Some vendors include free support for a set period of time. For example, Cisco provides free tech support for 90 days, while Check Point FW-1 requires that you purchase a support/upgrade contract to access their tech support, with such contracts costing as much as 50 percent of the original software price, per year.
Some vendors have different levels of support contracts. For example, Symantec offers Gold, Platinum, and Premium Platinum Maintenance and Support contracts on their firewall products. Gold support provides telephone support during regular business hours, Monday through Friday, while Platinum support provides after-hours support. With Premium Platinum support, you get a Technical Account Manager and three additional technical contacts (Gold and regular Platinum provide for two technical contacts).
If you plan to purchase a support contract, the cost should be factored into your comparison.
Upgrade Costs
The cost to upgrade the firewall is another important cost factor you must consider when doing a cost comparison. Software firewalls that are installed on standard hardware can easily take advantage of the addition of a faster or additional processor, faster network cards, more RAM, or installation on a new, more powerful machine. Hardware appliances, on the other hand, may have to be replaced completely, or may be more costly to upgrade. For example, the Cisco PIX Firewall Classic, 10000, and 510 models have been discontinued and cannot run PIX firewall software version 6.0 or later. This means if you want the features of the new software, you'll have to purchase a new PIX appliance.
Note | Another important consideration is if/when you need to upgrade to more powerful hardware for your software-based firewall, you can 'repurpose' the original hardware to act as a file server, workstation, or in another role on the network. A hardware-based security appliance running a proprietary operating system has less potential for reuse. |
Whether you have a 'hardware firewall' or a 'software firewall,' the cost of upgrading the software at periodic intervals is also important. You'll want to consider the following:
Are updates and fixes available free, or do you have to pay for them?
Are there discounts for upgrade versions of the software, or must you buy the full version?
Another consideration might be the administrative overhead required to perform the upgrade. For example, upgrading a PIX running version 5.0 or earlier doesn't provide a way to use Trivial File Transfer Protocol (TFTP) to transfer the software image directly to the device's flash memory, so you have to enter boothelper or monitor mode.
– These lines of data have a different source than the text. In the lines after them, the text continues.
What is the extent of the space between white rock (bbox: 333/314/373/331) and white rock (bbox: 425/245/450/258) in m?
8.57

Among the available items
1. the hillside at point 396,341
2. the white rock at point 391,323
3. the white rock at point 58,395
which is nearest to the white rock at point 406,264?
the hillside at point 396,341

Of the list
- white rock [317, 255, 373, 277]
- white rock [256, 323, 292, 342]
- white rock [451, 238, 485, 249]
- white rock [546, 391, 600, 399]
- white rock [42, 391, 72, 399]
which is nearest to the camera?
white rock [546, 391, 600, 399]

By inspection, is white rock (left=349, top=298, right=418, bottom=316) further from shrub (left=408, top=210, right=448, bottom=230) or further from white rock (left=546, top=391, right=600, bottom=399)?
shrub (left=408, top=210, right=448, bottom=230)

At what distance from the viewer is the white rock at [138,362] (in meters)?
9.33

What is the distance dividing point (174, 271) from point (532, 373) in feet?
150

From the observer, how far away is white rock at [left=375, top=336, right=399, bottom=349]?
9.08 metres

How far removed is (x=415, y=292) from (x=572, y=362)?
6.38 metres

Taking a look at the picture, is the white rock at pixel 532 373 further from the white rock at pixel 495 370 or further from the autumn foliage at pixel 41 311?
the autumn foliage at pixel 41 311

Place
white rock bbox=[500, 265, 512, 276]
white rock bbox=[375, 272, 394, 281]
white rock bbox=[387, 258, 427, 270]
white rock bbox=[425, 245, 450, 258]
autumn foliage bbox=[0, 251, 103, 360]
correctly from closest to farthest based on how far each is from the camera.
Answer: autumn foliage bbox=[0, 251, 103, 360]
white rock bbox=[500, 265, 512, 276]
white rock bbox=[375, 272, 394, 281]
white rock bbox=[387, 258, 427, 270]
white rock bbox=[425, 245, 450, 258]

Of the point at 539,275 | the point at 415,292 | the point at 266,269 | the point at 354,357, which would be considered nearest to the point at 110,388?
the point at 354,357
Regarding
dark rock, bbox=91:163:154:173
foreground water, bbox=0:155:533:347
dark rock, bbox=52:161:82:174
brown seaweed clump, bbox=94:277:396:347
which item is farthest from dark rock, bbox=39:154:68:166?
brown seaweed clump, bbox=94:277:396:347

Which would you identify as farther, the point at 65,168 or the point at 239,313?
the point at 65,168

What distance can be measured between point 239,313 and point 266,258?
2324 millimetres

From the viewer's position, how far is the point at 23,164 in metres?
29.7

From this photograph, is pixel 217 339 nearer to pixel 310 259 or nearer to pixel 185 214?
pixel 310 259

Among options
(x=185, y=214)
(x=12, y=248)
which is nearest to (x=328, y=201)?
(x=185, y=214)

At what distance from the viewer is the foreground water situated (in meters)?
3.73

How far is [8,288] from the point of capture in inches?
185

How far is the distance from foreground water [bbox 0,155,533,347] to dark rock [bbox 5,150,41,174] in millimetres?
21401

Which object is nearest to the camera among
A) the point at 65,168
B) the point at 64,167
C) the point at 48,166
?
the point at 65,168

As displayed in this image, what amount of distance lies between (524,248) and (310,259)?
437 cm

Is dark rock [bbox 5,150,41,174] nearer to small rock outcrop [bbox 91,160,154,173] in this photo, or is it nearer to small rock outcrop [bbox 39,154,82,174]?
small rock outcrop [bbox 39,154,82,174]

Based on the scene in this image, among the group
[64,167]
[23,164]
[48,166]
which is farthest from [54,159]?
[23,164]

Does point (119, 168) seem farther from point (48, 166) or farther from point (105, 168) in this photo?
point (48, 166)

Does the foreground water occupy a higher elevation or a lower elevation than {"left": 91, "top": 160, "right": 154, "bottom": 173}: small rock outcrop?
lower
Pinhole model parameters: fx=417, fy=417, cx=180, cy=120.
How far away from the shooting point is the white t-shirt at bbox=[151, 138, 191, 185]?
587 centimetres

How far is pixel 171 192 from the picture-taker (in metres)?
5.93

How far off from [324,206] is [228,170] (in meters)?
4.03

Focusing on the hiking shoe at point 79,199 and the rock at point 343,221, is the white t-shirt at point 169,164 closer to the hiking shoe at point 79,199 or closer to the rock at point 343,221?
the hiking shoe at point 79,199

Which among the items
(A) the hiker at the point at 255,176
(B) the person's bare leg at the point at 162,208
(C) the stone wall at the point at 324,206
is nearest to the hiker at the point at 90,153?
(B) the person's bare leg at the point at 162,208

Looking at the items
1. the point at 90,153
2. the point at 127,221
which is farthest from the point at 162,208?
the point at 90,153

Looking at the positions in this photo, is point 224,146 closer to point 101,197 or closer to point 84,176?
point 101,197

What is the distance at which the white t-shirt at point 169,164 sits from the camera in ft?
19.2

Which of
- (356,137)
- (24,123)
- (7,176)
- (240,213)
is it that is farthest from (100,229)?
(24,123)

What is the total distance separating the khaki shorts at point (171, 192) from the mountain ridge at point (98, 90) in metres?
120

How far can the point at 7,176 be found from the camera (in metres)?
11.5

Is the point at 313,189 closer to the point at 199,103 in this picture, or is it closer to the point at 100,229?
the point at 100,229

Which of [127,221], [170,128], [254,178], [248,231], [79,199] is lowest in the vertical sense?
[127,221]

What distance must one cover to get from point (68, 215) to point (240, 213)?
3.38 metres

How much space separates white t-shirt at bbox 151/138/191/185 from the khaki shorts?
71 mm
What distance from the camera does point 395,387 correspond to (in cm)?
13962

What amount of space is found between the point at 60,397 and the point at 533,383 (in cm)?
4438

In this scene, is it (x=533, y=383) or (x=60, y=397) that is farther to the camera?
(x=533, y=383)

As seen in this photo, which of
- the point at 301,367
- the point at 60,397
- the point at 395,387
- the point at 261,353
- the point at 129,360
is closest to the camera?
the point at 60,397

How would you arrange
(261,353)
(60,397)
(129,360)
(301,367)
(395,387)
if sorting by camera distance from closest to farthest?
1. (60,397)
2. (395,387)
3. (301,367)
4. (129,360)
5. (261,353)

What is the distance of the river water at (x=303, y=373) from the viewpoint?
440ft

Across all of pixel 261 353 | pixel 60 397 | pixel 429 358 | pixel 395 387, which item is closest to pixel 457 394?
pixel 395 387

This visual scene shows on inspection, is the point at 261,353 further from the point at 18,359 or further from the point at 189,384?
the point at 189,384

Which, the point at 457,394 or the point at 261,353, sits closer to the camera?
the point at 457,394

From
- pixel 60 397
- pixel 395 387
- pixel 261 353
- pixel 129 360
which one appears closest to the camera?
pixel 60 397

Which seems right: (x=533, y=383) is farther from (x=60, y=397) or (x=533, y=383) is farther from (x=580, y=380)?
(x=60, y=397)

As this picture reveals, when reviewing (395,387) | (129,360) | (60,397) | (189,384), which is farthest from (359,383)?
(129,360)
Newer versions of the PIX software support a command that allows you to copy the software image directly from the TFTP server to the device. Either way, you'll have to use a command line interface to enter the appropriate commands to upgrade the software.
Total Cost of Ownership
When all of the cost factors are taken into consideration, you can come up with a Total Cost of Ownership (TCO) for each product in order to make a more accurate price comparison. In calculating the TCO for each of the competing products, you must consider not only each of the direct costs we discussed in the preceding paragraphs, but also indirect costs such as:
Learning curve: cost of materials, training courses, and such, required for administrators to learn to configure and manage the firewall.
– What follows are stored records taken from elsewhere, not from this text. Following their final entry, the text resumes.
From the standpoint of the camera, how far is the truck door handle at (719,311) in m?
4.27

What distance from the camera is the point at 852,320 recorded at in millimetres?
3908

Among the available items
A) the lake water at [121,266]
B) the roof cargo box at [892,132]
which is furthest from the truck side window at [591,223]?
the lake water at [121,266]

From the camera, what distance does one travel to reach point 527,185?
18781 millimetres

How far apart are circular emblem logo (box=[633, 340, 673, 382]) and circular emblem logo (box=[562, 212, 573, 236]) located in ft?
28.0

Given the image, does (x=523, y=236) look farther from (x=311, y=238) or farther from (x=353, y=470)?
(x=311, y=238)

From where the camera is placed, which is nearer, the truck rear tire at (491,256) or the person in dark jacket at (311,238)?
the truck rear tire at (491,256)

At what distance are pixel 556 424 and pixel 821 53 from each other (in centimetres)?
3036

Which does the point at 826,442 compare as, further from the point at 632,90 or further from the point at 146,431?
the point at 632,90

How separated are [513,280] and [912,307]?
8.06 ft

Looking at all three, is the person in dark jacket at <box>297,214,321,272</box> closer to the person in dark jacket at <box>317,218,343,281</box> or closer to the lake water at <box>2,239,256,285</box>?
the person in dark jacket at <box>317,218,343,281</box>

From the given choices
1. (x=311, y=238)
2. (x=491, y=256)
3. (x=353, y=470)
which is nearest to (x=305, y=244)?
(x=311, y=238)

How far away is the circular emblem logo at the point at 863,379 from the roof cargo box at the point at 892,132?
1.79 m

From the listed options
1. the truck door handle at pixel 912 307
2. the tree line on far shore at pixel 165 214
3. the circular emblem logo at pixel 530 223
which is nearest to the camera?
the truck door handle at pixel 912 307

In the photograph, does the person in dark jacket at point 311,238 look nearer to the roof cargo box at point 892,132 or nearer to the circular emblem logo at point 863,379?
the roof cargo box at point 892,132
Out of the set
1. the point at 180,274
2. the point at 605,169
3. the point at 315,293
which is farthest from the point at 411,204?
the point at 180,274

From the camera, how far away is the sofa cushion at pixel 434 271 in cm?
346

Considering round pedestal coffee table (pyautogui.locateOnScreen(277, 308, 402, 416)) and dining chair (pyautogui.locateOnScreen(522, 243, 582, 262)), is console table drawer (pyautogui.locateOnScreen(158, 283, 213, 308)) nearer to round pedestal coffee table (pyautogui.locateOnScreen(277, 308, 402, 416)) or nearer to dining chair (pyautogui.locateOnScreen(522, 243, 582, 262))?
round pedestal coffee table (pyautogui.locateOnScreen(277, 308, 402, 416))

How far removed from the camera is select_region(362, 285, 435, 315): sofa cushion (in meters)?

Administrative overhead: relative amount of administrative time required to configure and manage the firewall; level of administrative expertise required (which can increase personnel costs).
Productivity costs: affect on productivity of network users.
Downtime costs: both productivity losses and loss of revenues, for example from potential e-commerce sales, related to the deployment and reliability of the firewall.
Most TCO models divide all cost factors into two broad categories: acquisition costs and on-going or operational costs. The first category includes the purchase price of the hardware, the initial licensing fees for the software, and one-time installation costs, including the cost of administrative time, hiring of consultants if applicable, initial training, and so on. The second category includes vendor support contracts, internal IT administrative costs, hiring of independent consultants for troubleshooting and maintenance, hardware maintenance and upgrades, software updates and upgrades, on-going training, and other support costs. Of course, some of these costs will vary from one customer to another, depending on the way the firewall will be deployed and the experience and skill sets of current personnel.
Note | There is more price flexibility and you have more control over TCO with software firewalls because you can take advantage of competitive pricing among different hardware vendors, whereas with hardware-based firewalls, you may be limited to a small selection of different hardware configurations with less of a price variance between different resellers. |
Specifications and Features
Once cost issues are out of the way and a budget is determined, the second broad category for comparison deals with features and functionalities for each product. We can divide this category into the following subcategories:
General specifications (both hardware and software specs)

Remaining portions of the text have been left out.